Nous ignorons encore beaucoup de choses sur les énigmatiques lunes martiennes Phobos et Deimos.
Les deux petites lunes de Mars, Phobos (environ 22 km de diamètre) et Deimos (environ 13 km de diamètre), laissent les scientifiques perplexes depuis des décennies, leur origine restant un sujet de débat. Certains ont proposé qu’ils soient constitués de débris résiduels provenant d’une planète ou d’un gros astéroïde ayant percuté la surface de Mars (#TeamImpact).
Une hypothèse opposée (#TeamCapture), en revanche, suggère que les lunes sont des astéroïdes qui ont été capturés par l’attraction gravitationnelle de Mars et sont restés piégés en orbite.

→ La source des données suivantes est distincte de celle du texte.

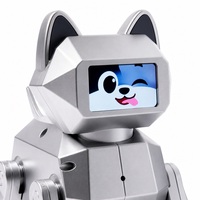 Robot chien IA, compagnon de bureau, écran LCD, WiFi, programmation interactive, jouet éducatif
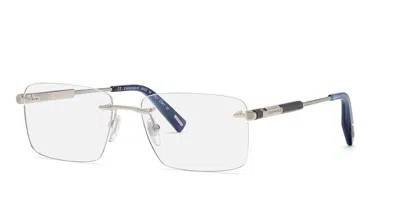 Chopard Demo Rectangular Unisex Eyeglasses Vchg18 0579 58 In Gray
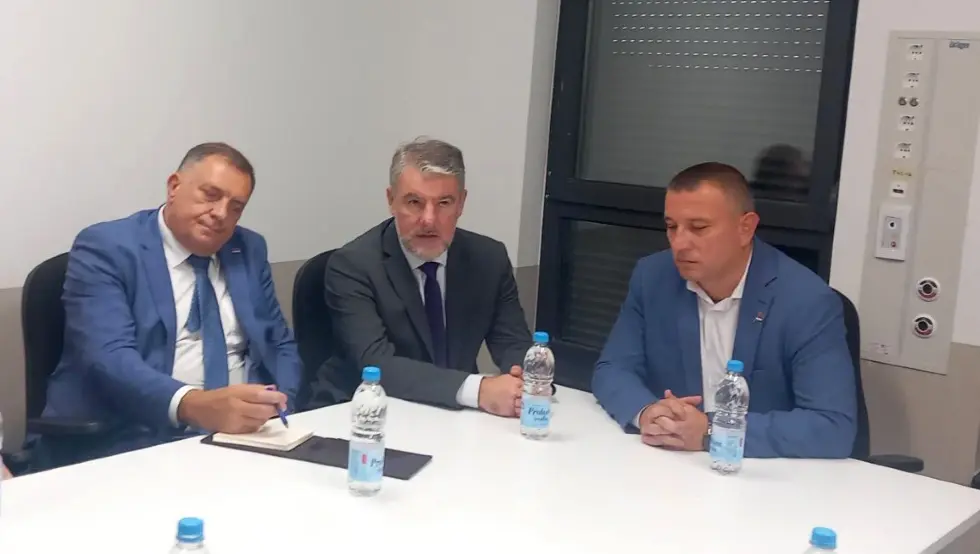 Dodik i Šeranić u Trebinju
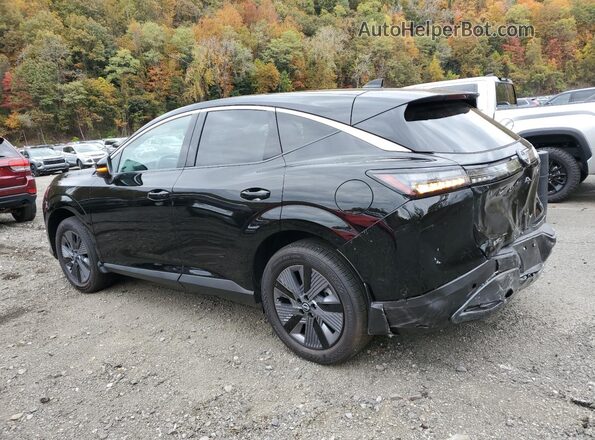 5N1AZ3CS8SC100031 2025 NISSAN MURANO Black უკანა მარცხენა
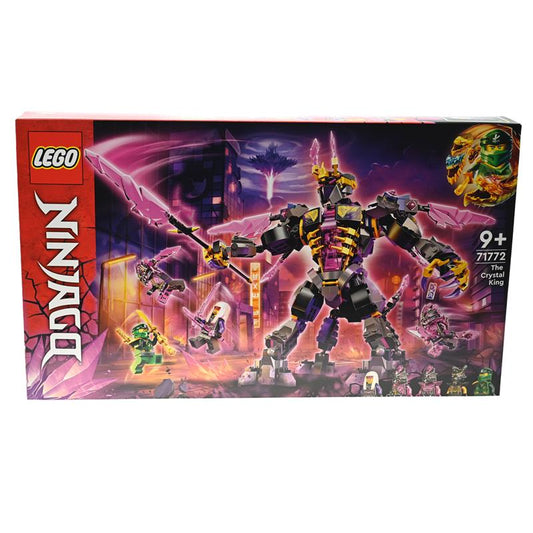 Lego Ninjago 71772  - Der Kristallkönig, 722 Teile, ab 9 Jahre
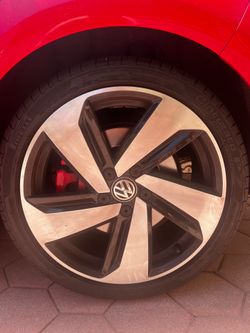 Volkswagen MK7 wheels & Tires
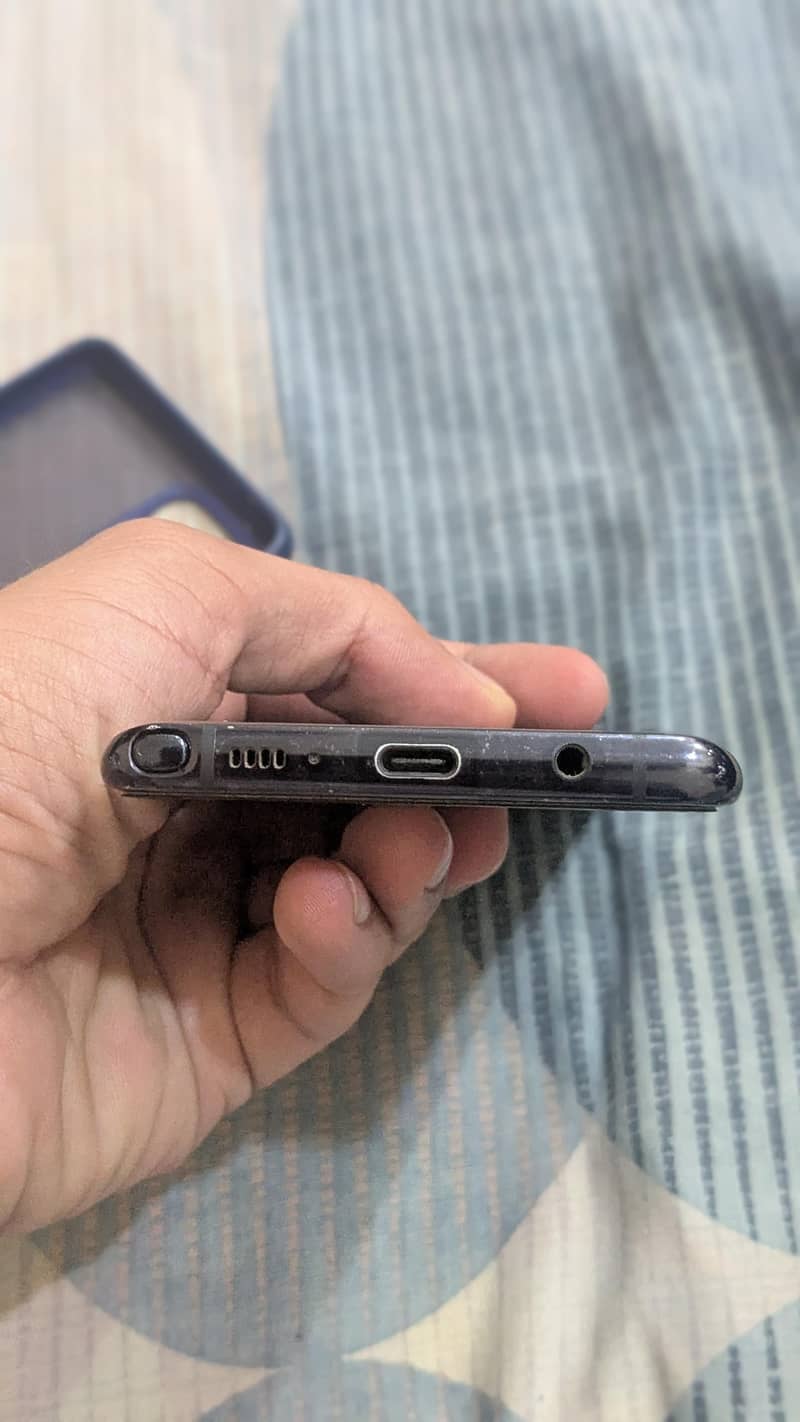 Samsung Mobile Note10 Lite 5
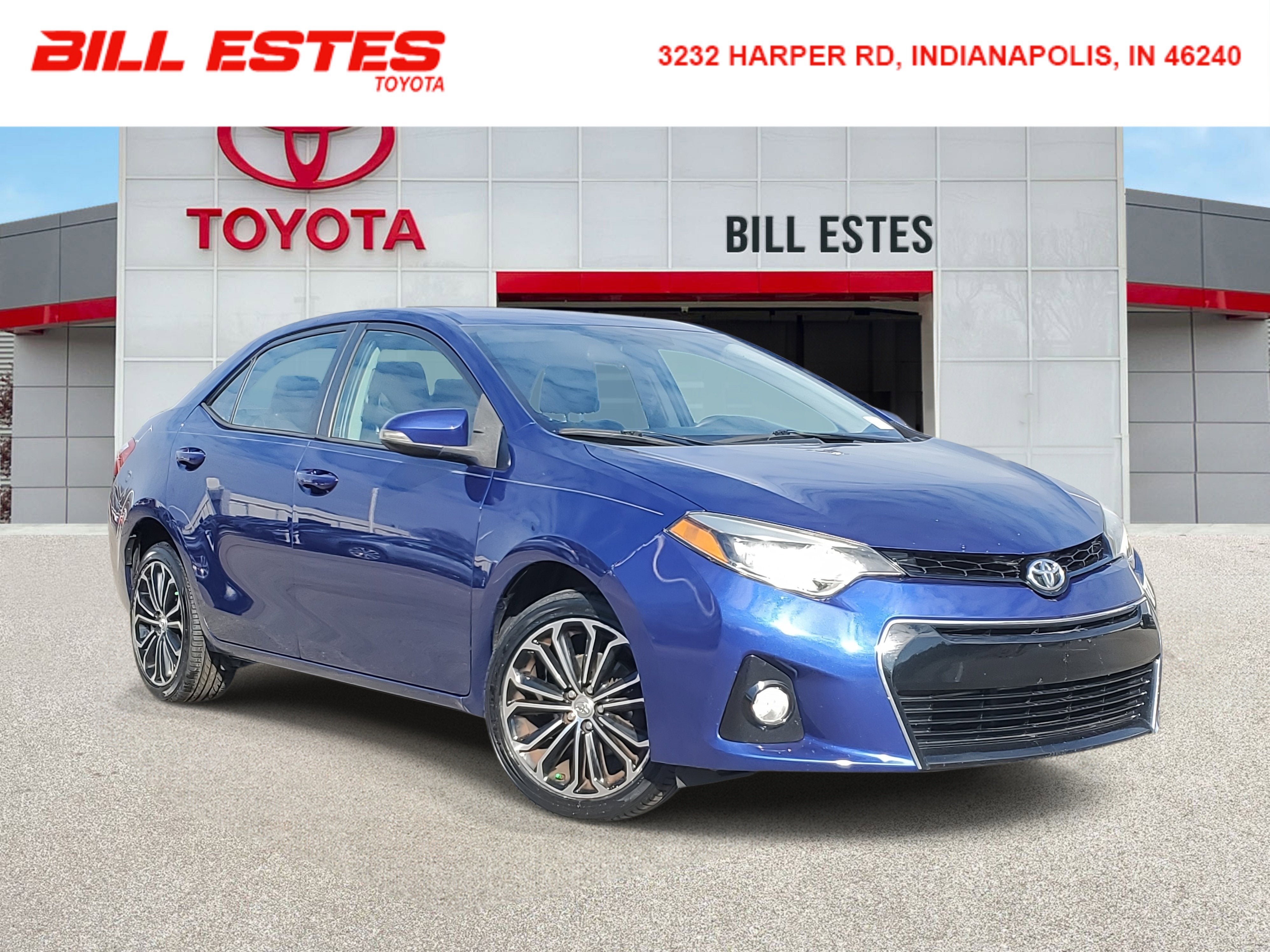 2015 Toyota Corolla S Plus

Pour résoudre ce mystère, nous aurons besoin de matériaux prélevés à la surface des lunes pour les analyser sur Terre. Heureusement, l’Agence japonaise d’exploration aérospatiale (Jaxa) lancera une mission, baptisée « Martian Moon eXploration » (MMX), vers Phobos et Deimos en septembre 2024. La mission sera transportée par une fusée de conception nouvelle, la H-3, qui est encore en cours de développement.
Le vaisseau spatial devrait atteindre l’orbite martienne en 2025, puis se mettre en orbite autour de Phobos et enfin collecter des matériaux à sa surface avant de revenir sur Terre en 2029.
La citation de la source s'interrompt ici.